If you told me I could have the last six weeks of Steve Nash’s life and then you were going to throw me out of an airplane, I’d probably take it. Why? Because that airplane would be flying me back from some stop on a magical mystery tour of vacation paradises and major sporting events. When this guy hasn’t been watching the Stanley Cup Finals or the NBA playoffs, he’s been hanging out in bars, antagonizing Bruins fans or soaking up the sun in Jamaica.
Steve Nash is good. Steve Nash has a new girlfriend and a charity soccer tournament to tend to. Steve Nash probably cares more about the Canucks winning the Stanley Cup than he does anything right now. He’s not staring at his pale, accessory-free finger and wondering about what might be, what should be and whatever else.

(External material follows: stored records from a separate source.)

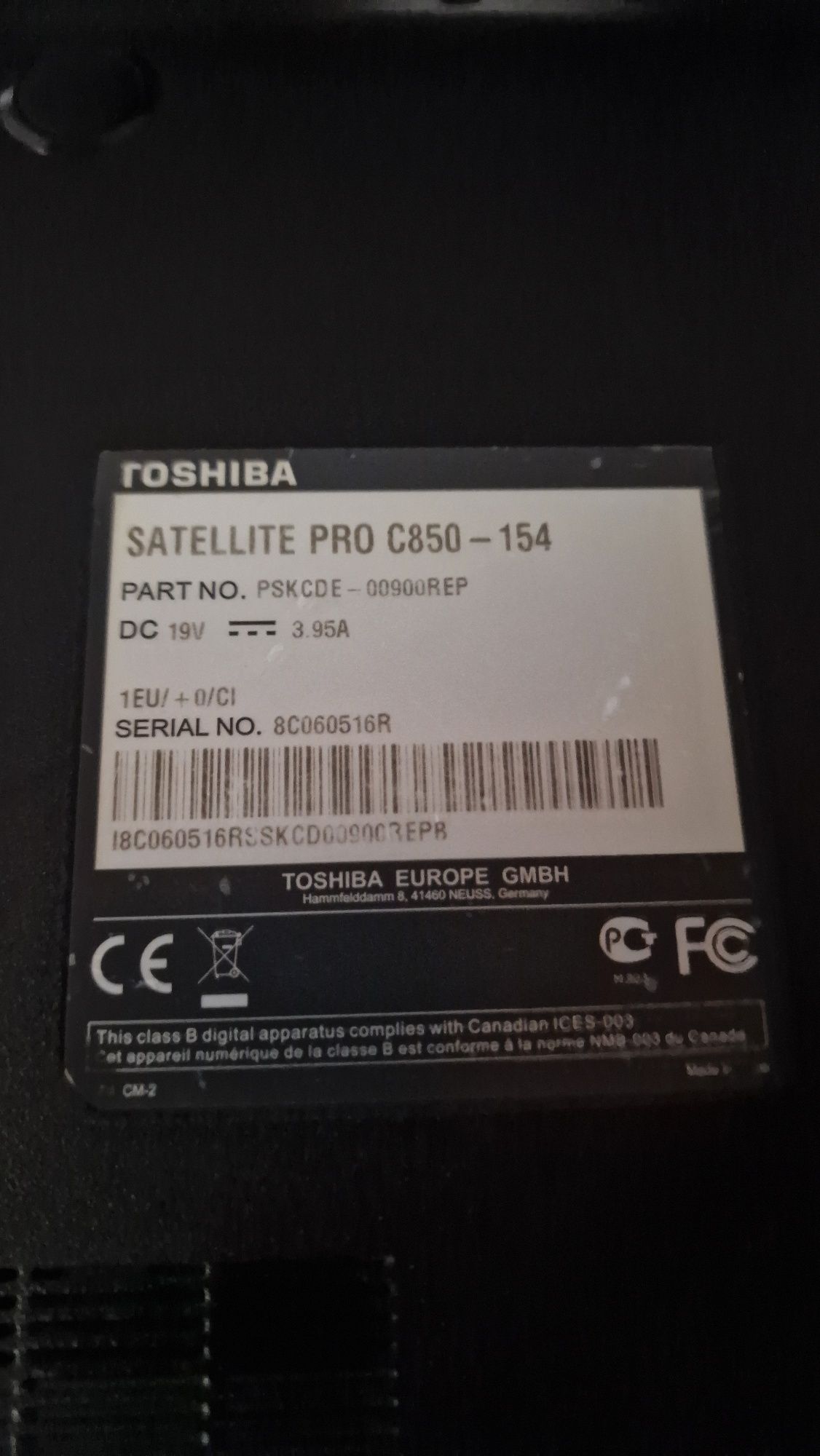 Portatil toshiba SATELLITE PRO C850-154

PART NO. PSKCDE -00900REP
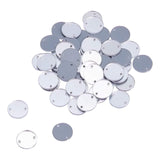 AHANDMAKER Sew on Silver Mirror Rhinestones, 50 Pcs Flat Round Sew on Rhinestones for Clothes, Acrylic Disc, Mirror Pieces for C
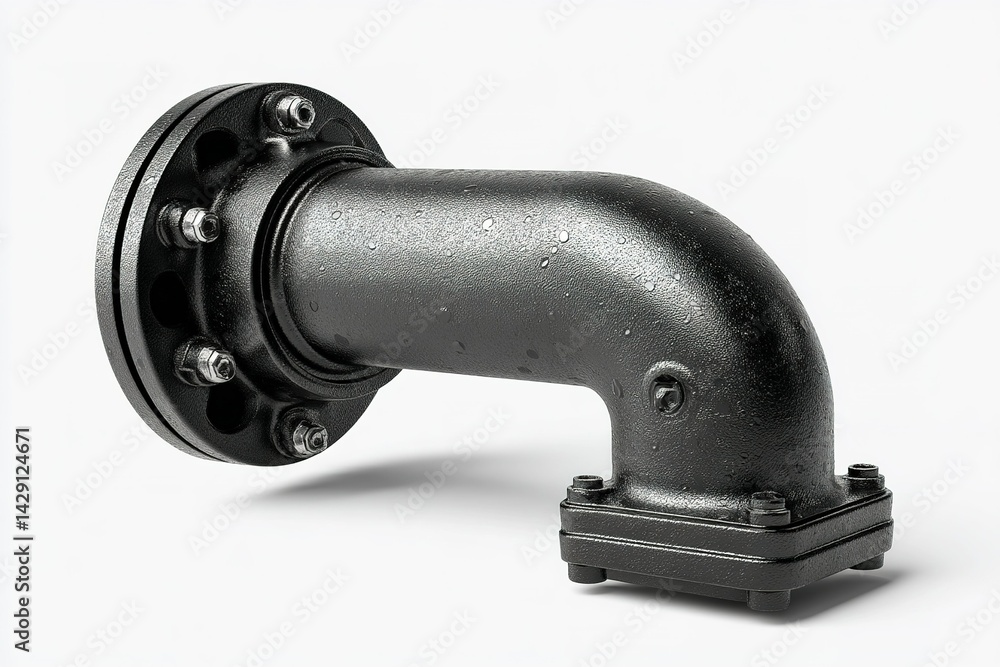 Poster metallic pipe fitting designed for industrial applications in a workshop setting with visible water 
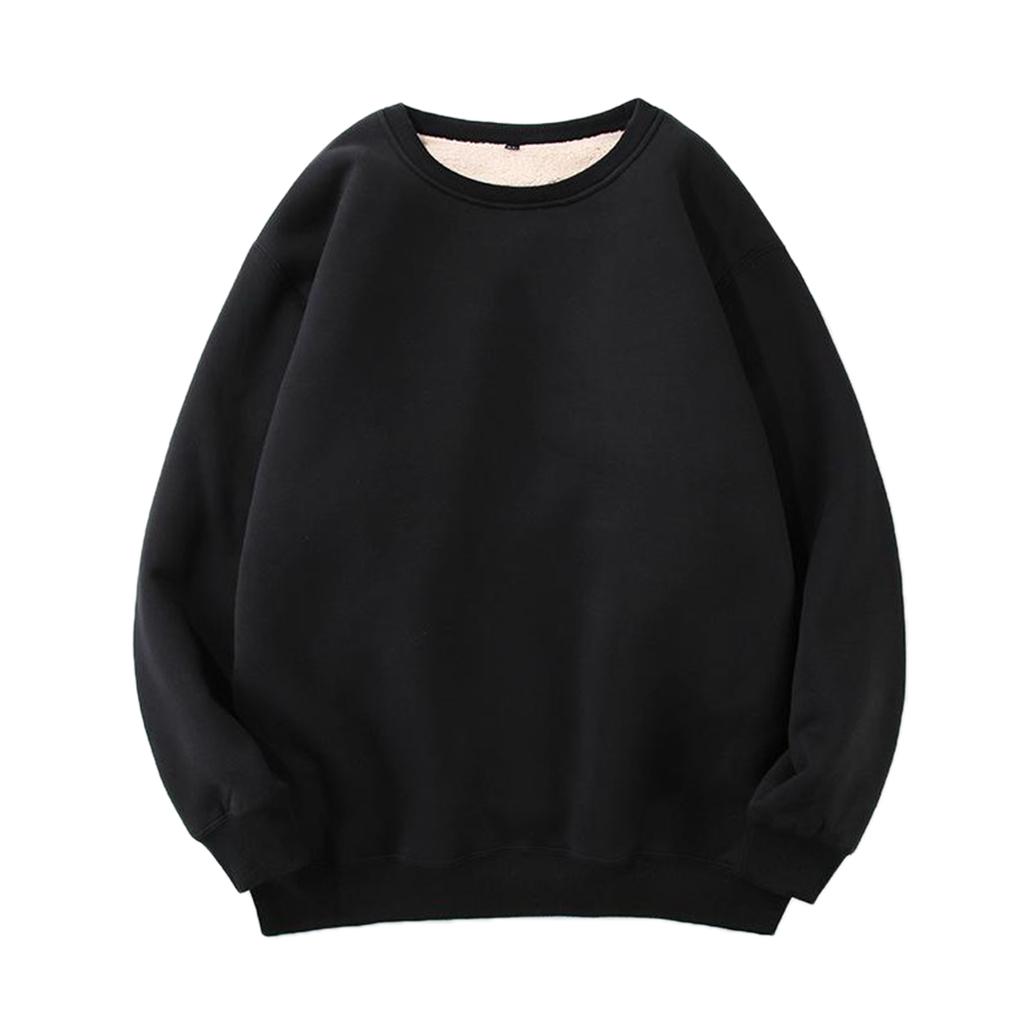 Crew Neck Casual Plus Velvet Thick Sweatshirt Sweat for Winter Easy to Wear black XXL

Maybe it’s because we’re typically conditioned to believe that life needs mile markers; that diplomas make you educated or promotions make you good at a profession or marriage means you love someone. Maybe that’s why, regardless of the endless amounts of entertainment and pleasure and excitement we get out of sports and the athletes that play them, we demand that they too submit themselves to some kind of validation process.
On Sunday night, at his postgame press conference, LeBron James angered a fair amount of folks by throwing two verbal birds up at the people who have reveled in his failure to win a ring. "All the people that were rooting on me to fail, at the end of the day they have to wake up tomorrow and have the same life that they had before they woke up today… I'm going to continue to live the way I want to live and continue to do the things that I want to do with me and my family and be happy with that.”
Putting aside whatever Norma Rae issues you have with LeBron condescending to people who both hate him and their jobs, look at what he’s saying: “I want to live and continue to do the things that I want to do with me and my family and be happy with that.” Sure, he said it with a kind of punchy and bitter tone, but can anyone really take issue with the heart of what he’s saying? And can anyone blame him for finally snapping after a year of having his heart questioned, his motives second-guessed and his legacy prematurely cast into stone?
On Monday, the line of questioning continued, with Steve Kerr saying this to ESPNChicago: “If I were him I would spend all summer down on the low block shooting jump hooks and turnaround jump shots -- the entire summer."
Sound advice. But if I were LeBron, I’d spend my summer a little more like Steve Nash. It looks a lot better than a ring. And, besides, he could probably use a vacation.